Class I agents are sodium (Na) channel blockers (which slow conduction by blocking the Na+ channel) and are divided into 3 subclasses a, b and c. Class Ia slows phase 0 depolarization in the ventricles and increases the absolute refractory period. Procainamide, quinidine and disopyramide are Class Ia agents. Class 1b drugs lengthen phase 3 repolarization. They include lidocaine, mexiletine and phenytoin. Class Ic greatly slow phase 0 depolarization in the ventricles (however unlike 1a have no effect on the refractory period). Flecainide, moricizine and propafenone are Class Ic agents.
Class II agents are beta blockers which inhibit SA and AV node depolarization and slow heart rate. They also decrease cardiac oxygen demand and can prevent cardiac remodeling. Not all beta blockers are the same, some are cardio selective (affecting only beta 1 receptors) while others are non-selective (affecting beta 1 and 2 receptors). Beta blockers that target the beta-1 receptor are called cardio selective because beta-1 is responsible for increasing heart rate; hence a beta blocker will slow the heart rate.
Class III agents (prolong repolarization by blocking outward K+ current): amiodarone and sotalol are effective class III agents. Ibutilide is another Class III agent but has a different mechanism of action (acts to promote influx of sodium through slow-sodium channels).

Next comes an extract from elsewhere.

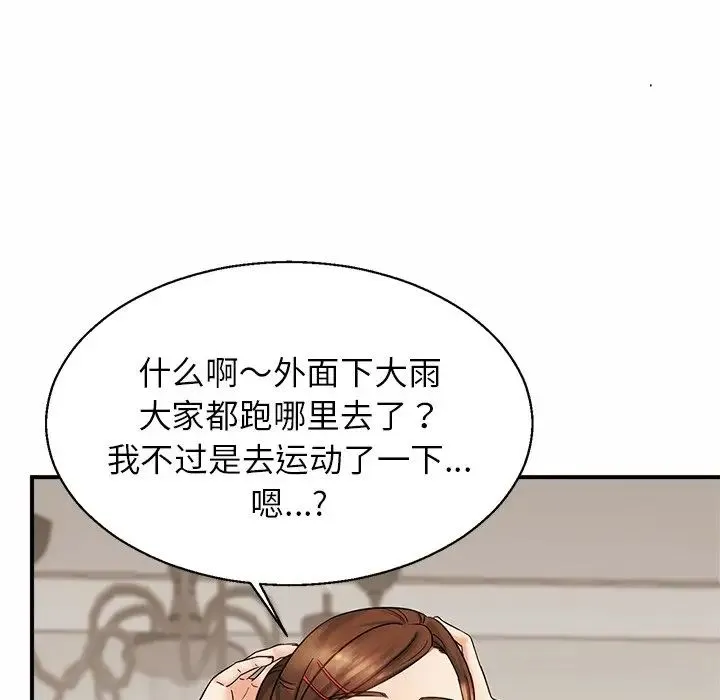 亲密一家人 - 第4话 - page 34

It has been shown to be effective in acute cardioversion of recent-onset atrial fibrillation and atrial flutter.
Class IV drugs are calcium (Ca) channel blockers. They work by inhibiting the action potential of the SA and AV nodes.
If the patient is stable, adenosine may be administered first, as the medicine performs a sort of "chemical cardioversion" and may stabilize the heart and let it resume normal function on its own without using electricity.